Audit Logging¶
Configure audit logging for all requests going through Seldon Deploy
Audit logging is an optional part of the platform which can be enabled or disabled based on your requirements. With audit logging all requests to Seldon Deploy will be logged to a configurable place.
For a description of the log schema, available metrics, and limitations please refer to the audit architecture page.
Configuration¶
Basic configuration¶
Audit Logging can be quite verbose, so it is disabled by default. Audit logging in Deploy supports two different output mechanisms:
writing to
stdout
forwarding the logs to a Fluentd instance that then can store them in your desired storage solution
Both can be setup independently by adjusting the helm values of the Deploy chart as follows:
audit:
stdout:
enabled: true # Defaults to false. If true, will write audit logs to stdout.
fluentd:
enabled: true # Defaults to false. If true, will try to connect and send audit logs to the Fluentd instance defined in the values below.
requireConn: true # Defaults to true. If true and Fluentd.enabled is true, Deploy will not start until a connection to the audit Fluentd instance can be established.
host: audit-fluentd-aggregator.seldon-logs.svc.cluster.local # The address of the Fluentd instance.
port: 24224 # The port used for writing to the Fluentd instance.
Note
As audit logging is an essential security requirement, we default to requiring a connection to the audit Fluentd instance to be established before Deploy starts serving users if Fluentd logging is enabled.
To disable this behaviour when logging to fluentd you can set audit.fluentd.requireConn
to false
in the Deploy helm values file.
Fluentd Setup¶
Fluentd can be used to listen for audit logs and forward them to a number of storage solutions.

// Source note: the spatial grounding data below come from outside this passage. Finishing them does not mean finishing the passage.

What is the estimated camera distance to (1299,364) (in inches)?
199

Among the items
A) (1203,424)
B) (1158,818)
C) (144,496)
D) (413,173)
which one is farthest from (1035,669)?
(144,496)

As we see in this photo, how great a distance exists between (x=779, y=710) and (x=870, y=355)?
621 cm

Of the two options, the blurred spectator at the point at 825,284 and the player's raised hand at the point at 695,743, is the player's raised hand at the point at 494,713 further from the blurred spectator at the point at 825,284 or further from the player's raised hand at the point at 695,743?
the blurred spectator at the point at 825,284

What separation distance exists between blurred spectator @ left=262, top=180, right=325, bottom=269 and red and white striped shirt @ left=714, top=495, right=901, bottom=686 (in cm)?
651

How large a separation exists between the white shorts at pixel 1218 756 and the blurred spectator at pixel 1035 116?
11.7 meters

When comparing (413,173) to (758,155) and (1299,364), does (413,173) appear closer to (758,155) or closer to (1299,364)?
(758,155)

Copy the default Fluentd config file (and edit if desired):
cp ./seldon-deploy-install/reference-configuration/audit/values-audit-fluentd.yaml values-audit-fluentd.yaml
Install Fluentd using the bitnami/fluentd
helm chart:
helm upgrade --install audit-fluentd fluentd \
--repo https://charts.bitnami.com/bitnami \
--namespace seldon-logs \
--version 5.5.11 \
--values values-audit-fluentd.yaml
The important part that must be present in the Fluentd configuration is the source
configuration, and the match
part of
the output configuration.
Deploy uses the forward
input plugin for sending requests to Fluentd.
The source configuration should look something like this, where {{ .Values.aggregator.port }}
is the same as .Values.audit.fluentd.port
in the Deploy helm chart:
<source>
@type forward
bind 0.0.0.0
port {{ .Values.aggregator.port }}
</source>
For output, the pattern to use for Deploy’s audit logs in the <match>
clause is deploy_audit.**
.
An example configuration to write to a s3/minio bucket will look like this:
<match deploy_audit.**>
@type s3
aws_key_id {{ .Values.aggregator.s3.accessKey }}
aws_sec_key {{ .Values.aggregator.s3.secretKey }}
s3_bucket deploy-audit # The bucket to store the log data
s3_endpoint http://minio.minio-system.svc.cluster.local:9000/ # The endpoint URL (like "http://localhost:9000/")
s3_region us-east-1 # See the region settings of your Minio server
path logs/ # This prefix is added to each file
force_path_style true # This prevents AWS SDK from breaking endpoint URL
time_slice_format %Y%m%d%H%M # This timestamp is added to each file name
<format>
@type json
</format>
<buffer time>
@type file
path /tmp/buffer/s3
timekey 3600 # Flush the accumulated chunks every hour
timekey_wait 10m # Wait for 10m before flushing
timekey_use_utc true # Use this option if you prefer UTC timestamps
chunk_limit_size 256m # The maximum size of each chunk
</buffer>
</match>
For a list of all output plugins Fluentd supports refer to the official documentation.
Note
This configuration of Fluentd for audit logging is different from the Elasticsearch installation for container logs.
As part of the EFK stack for container logs, Fluentd runs as a DaemonSet
so it
can collect application logs from all relevant pods transparently,
regardless of which nodes they are placed on.
For audit logging, the pods do not need to be running on the same node because Deploy explicitly forwards information to Fluentd. Using a small number of Fluentd pods, rather than one per node, allows audit logging to be more resource efficient. It also allows for scaling the audit logging pipeline with the actual load on it, rather than with the number of nodes in Kubernetes.
Troubleshooting¶
Preserving the source IP of the original client¶
The audit logs contain a SourceAddress
field which shows the IP of the sender of the request.
Seldon Deploy will first look for a X-Forwarded-For
header to determine the original client and only if not present will use the address in the request.
By default, Istio does not include the X-Forwarded-For
header.
To include it, some configuration to the Ingress Gateway is required as described in the official documentation depending on the type of your load balancer.
The Kubernetes Nginx ingress controller also has documentation on proxying and source IP addresses.
If the actual client IP is still not shown properly, make sure there are no other proxies, load balancers, or firewalls overwriting the IP.